Back in 2002, we left the U.K to come and live a more environmentally responsible and connected life in rural France.We believe that many (not all) of the environmental problems that we face have practical hands-on solutions within easy reach of most people if the will is there to make a difference. Reducing our consumption and spending our money more intelligently and more responsibly on the things that we do consume is something that we can all do. We know only too well that it’s not always practical or easy or financially possible to live the way we aspire to but we hope that by setting up the yurts in the way that we have we are making things much easier for you to have a low impact holiday.
For instance – the hot water for the shower is sufficient if you wash and use the water prudently but not if you stand under a torrent, contemplating your navel!

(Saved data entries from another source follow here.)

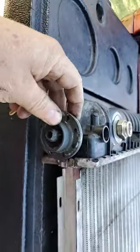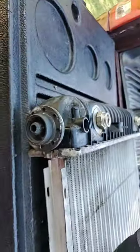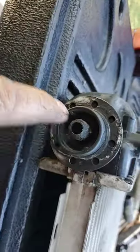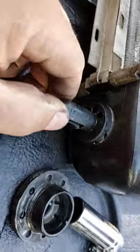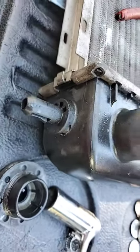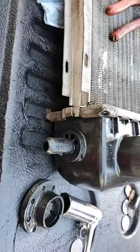To remove the radiator grilles from the newer Chevys — Silverados, Suburbans — they have a little tab inside that you need to press with some pliers. Press the tab with the pliers and then pull the grille out. That's how you take it out.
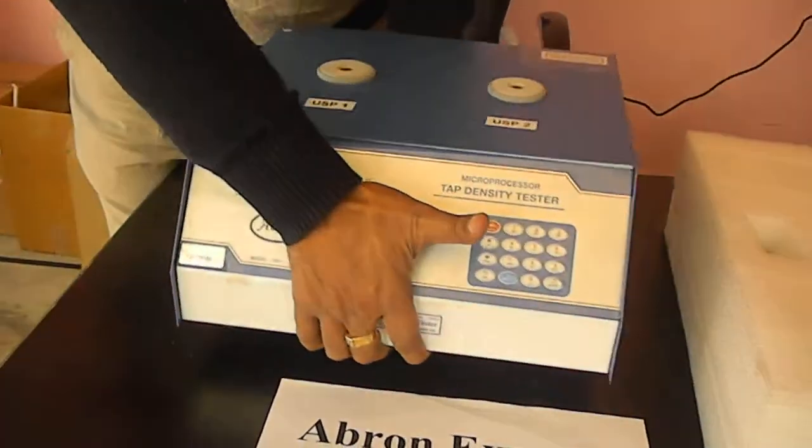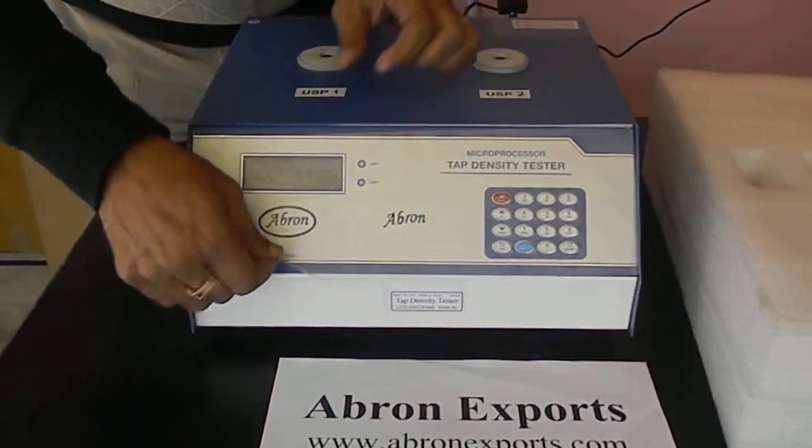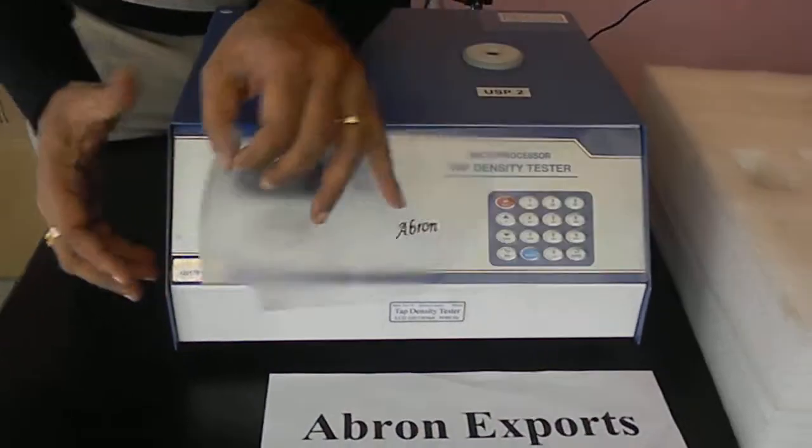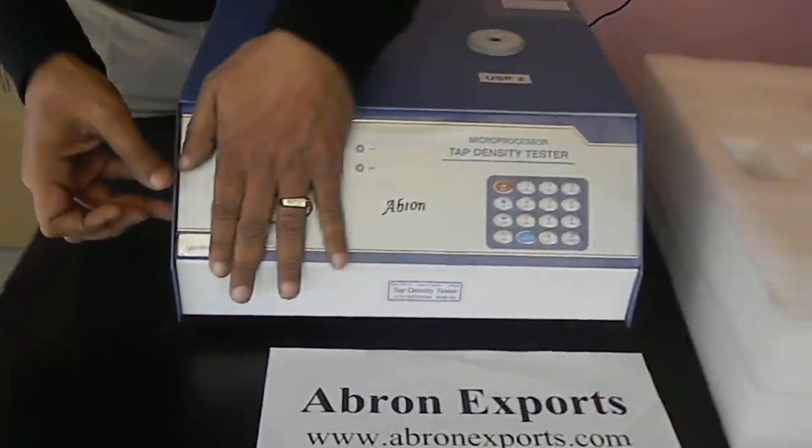On the front side there is a panel and you have to remove this for using it. You can use it with the panel on, but it is better to remove it for proper use.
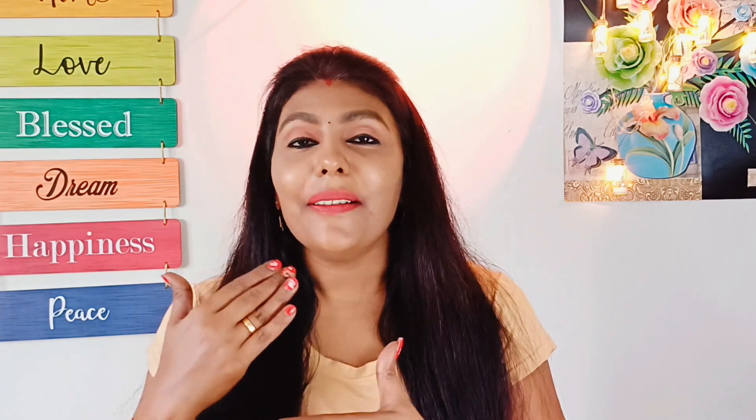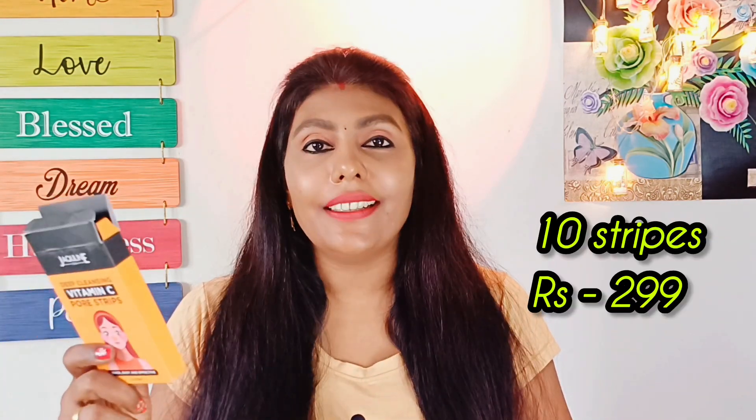We will use them in the affordable price range. You can try it — we have 10 strips priced at $2.99. This product is great.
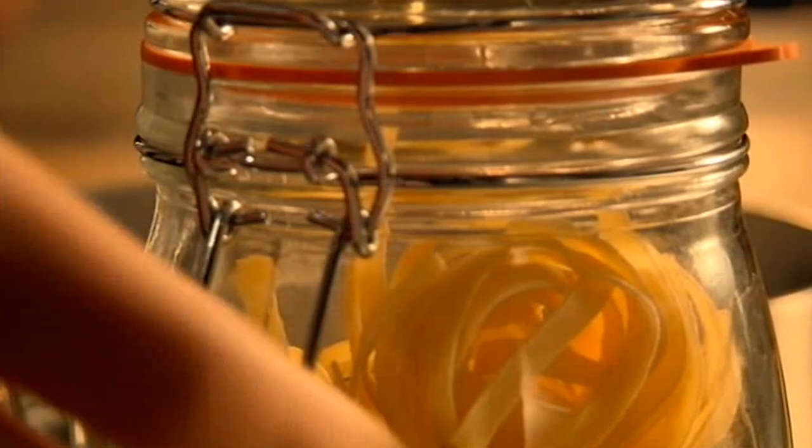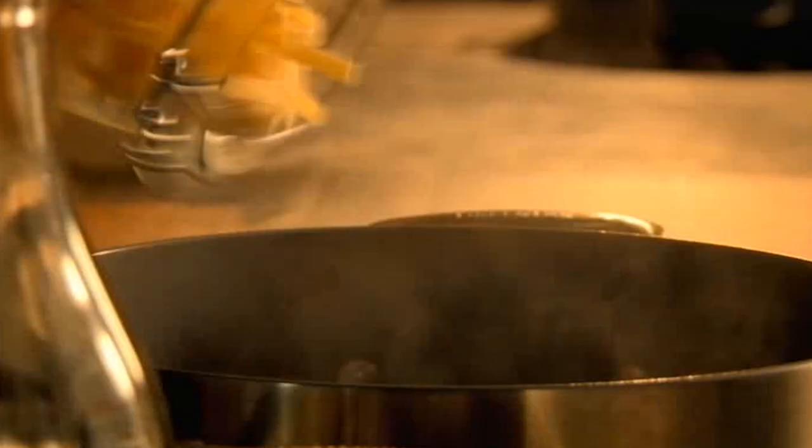First, boil dry tagliatelle in salted water. These long, thin ribbons of pasta come curled up in nests and take around 10 minutes to cook.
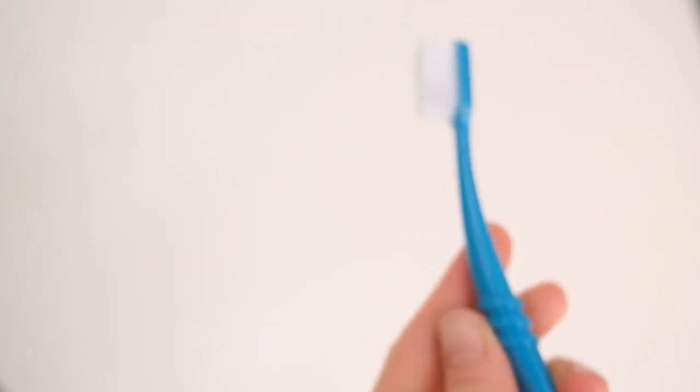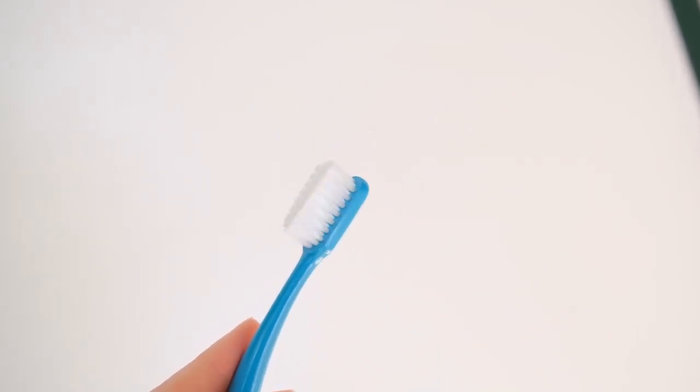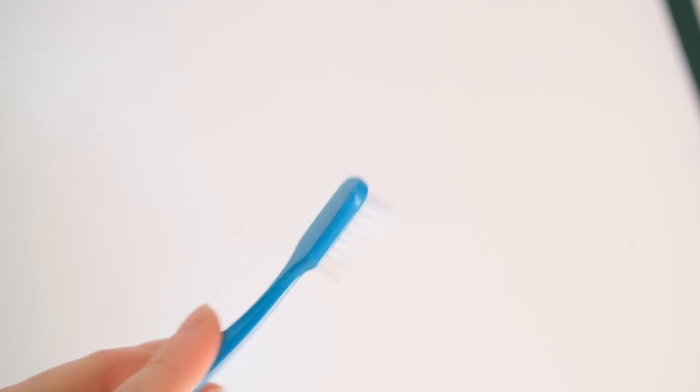I got the Ultra Soft because I have sensitive gums. And this is one of the softest toothbrushes I've ever tried. My gums don't feel beat up. Usually even the soft brushes from mainstream brands, I still feel sore after brushing. My teeth feel clean and my gums don't hurt. So that is great.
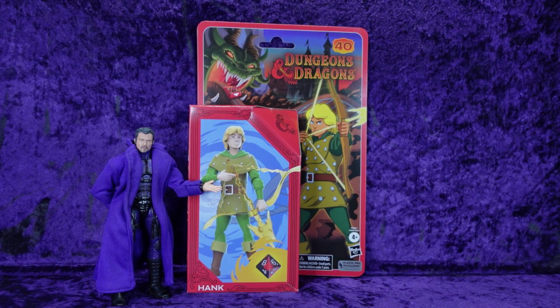I got me a Hasbro Dungeons and Dragons cartoon Hank. Let's crack it open!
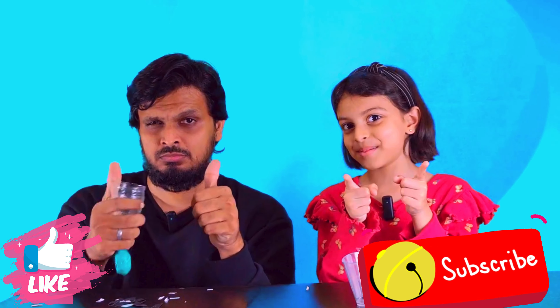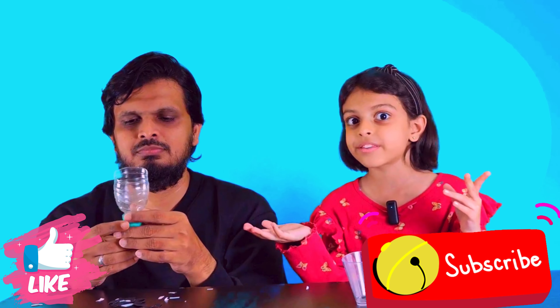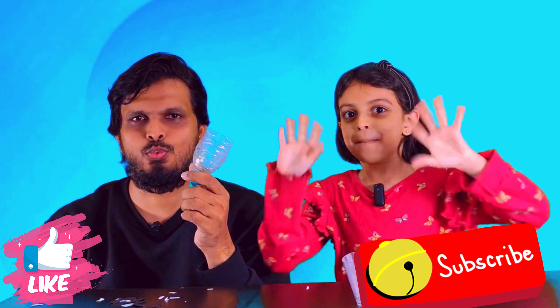Guys, I really had so much fun playing with that! Hey dad, stop playing! Okay guys, if you love this confetti popper thing, please hit the like and subscribe button for more awesome things — maybe experiments, games, all on Bubbly Bunny. Bye!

We deliberately don’t supply mains electricity because it is not needed. We are enthusiastic about human waste because it is not waste – it is a useful fertiliser if treated properly. None of our methods are new or groundbreaking but just good old-fashioned common sense. We have pigs to recycle food waste but they also clear the ground beautifully for tree planting. Our hope is that when people leave they will take with them simple, practical solutions that they can apply to their own lives at home (not necessarily buying pigs or building compost toilets, although that would be great!) We want people to think a little bit more about the day to day impact of their actions.
Using Local Ressources
We have always been interested in environmental issues and passionate about sustainability, so it is important to us that wherever possible materials for the yurts and buildings are sourced locally. We are restoring a derelict chestnut coppice for a friend, the benefits of which are two-fold: we utilise fallen timber for building the kitchens, and bathrooms that would otherwise rot on the ground and the clearing of the dead wood and brash revitalizes the woodland and re-establishes the coppicing cycle.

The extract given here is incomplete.